Omit the pictures, but give back every entry below exactly as written.

Top of Provided records

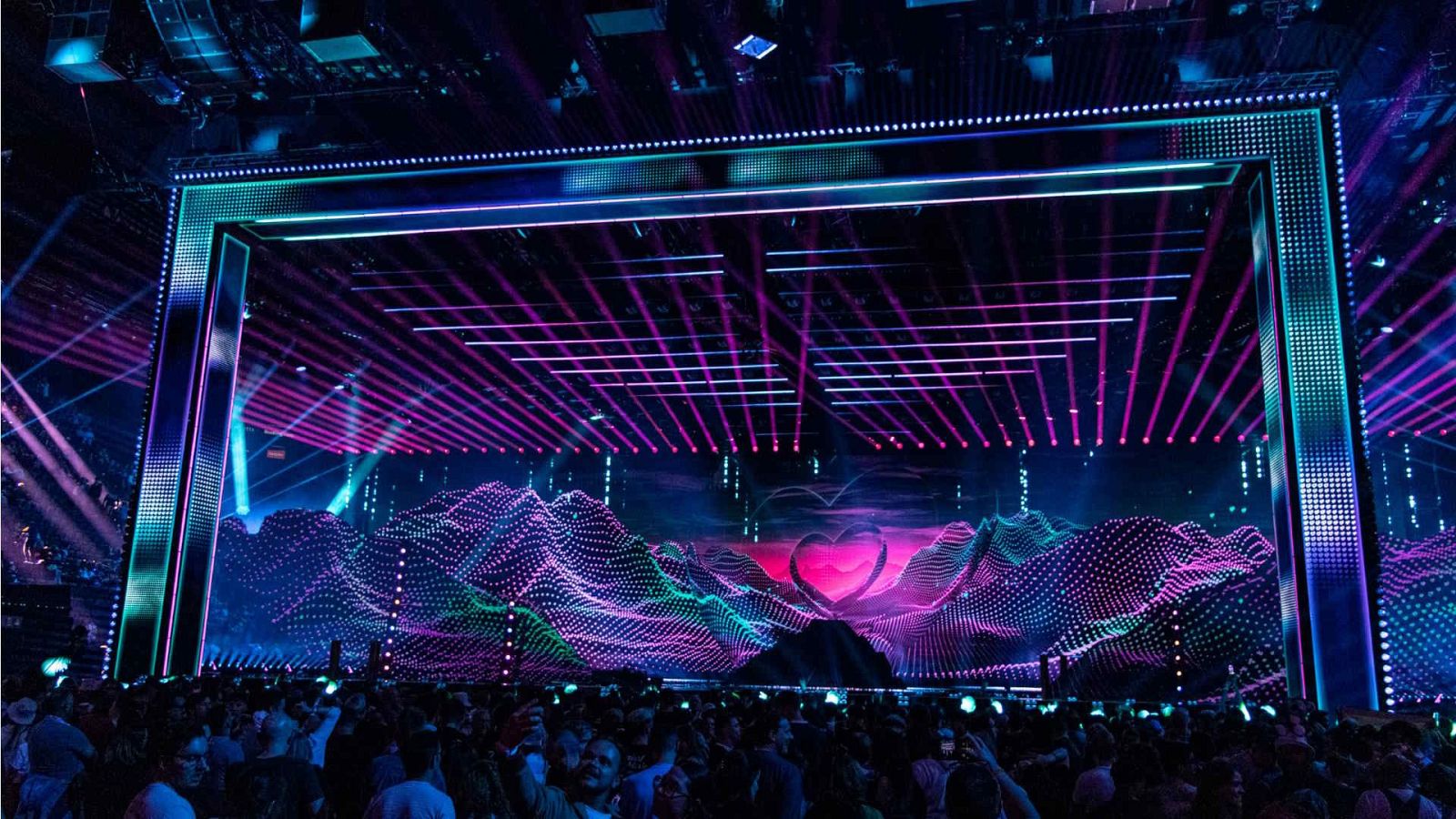 Informe semanal - Eurovisión, a negro | Ver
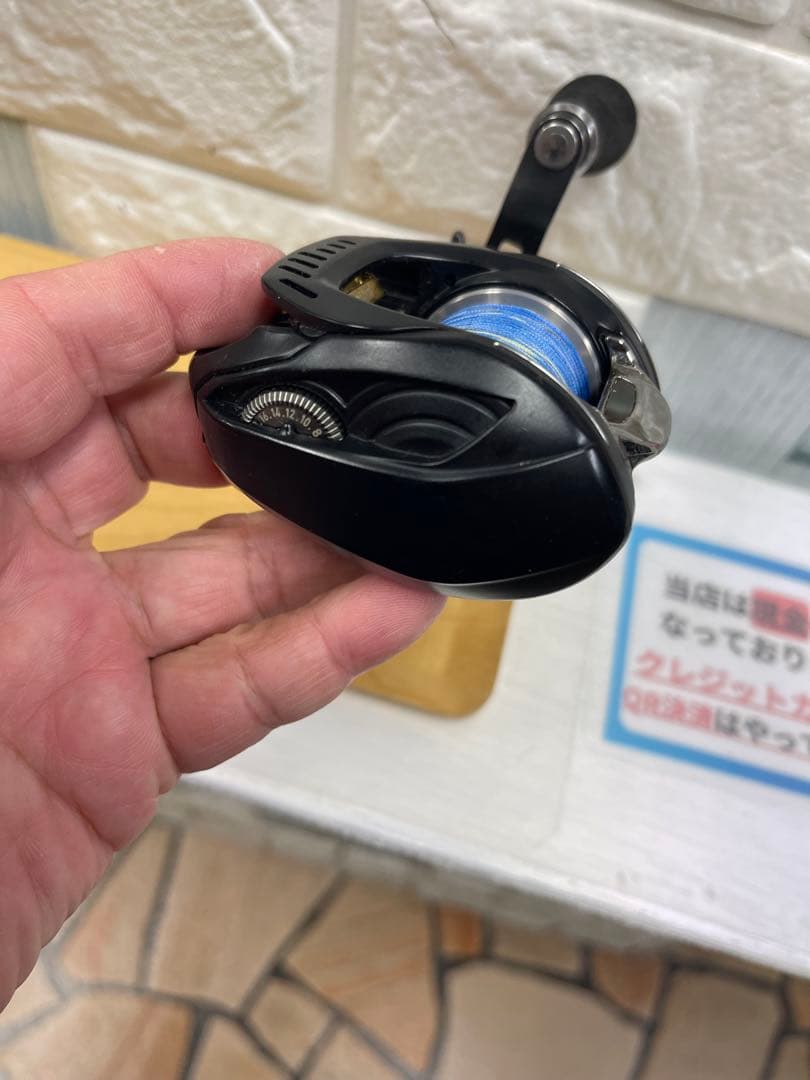 ダイワベイトリール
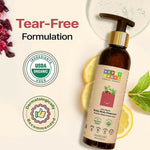 Thumbnail for Herby Angel Ultra Gentle Body Cleanser for Babies and Kids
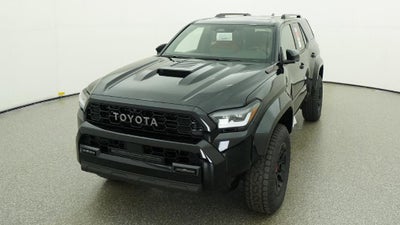 2026 Toyota 4Runner i-FORCE MAX 4Runner TRD Pro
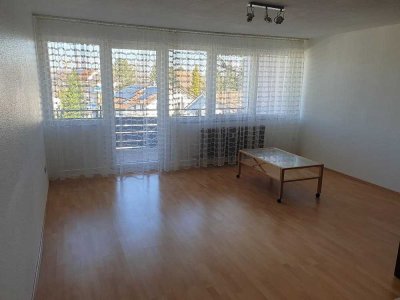 Teilmöblierte 1-Zi.-Wohnung in Waldbronn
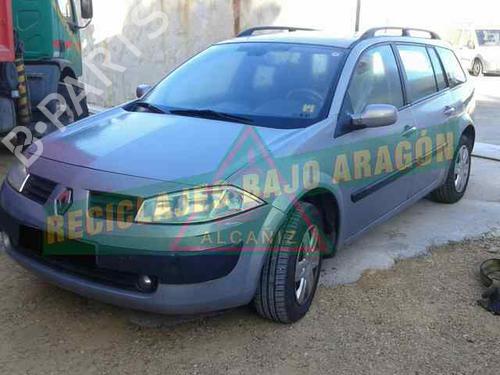 Left front driveshaft RENAULT MEGANE II Estate (KM0/1_)  | BP7930653M38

Bottom of Provided records

*Answer section:*
 Informe semanal - Eurovisión, a negro | Ver
 ダイワベイトリール
 Thumbnail for Herby Angel Ultra Gentle Body Cleanser for Babies and Kids
 2026 Toyota 4Runner i-FORCE MAX 4Runner TRD Pro
 Teilmöblierte 1-Zi.-Wohnung in Waldbronn
 Left front driveshaft RENAULT MEGANE II Estate (KM0/1_)  | BP7930653M38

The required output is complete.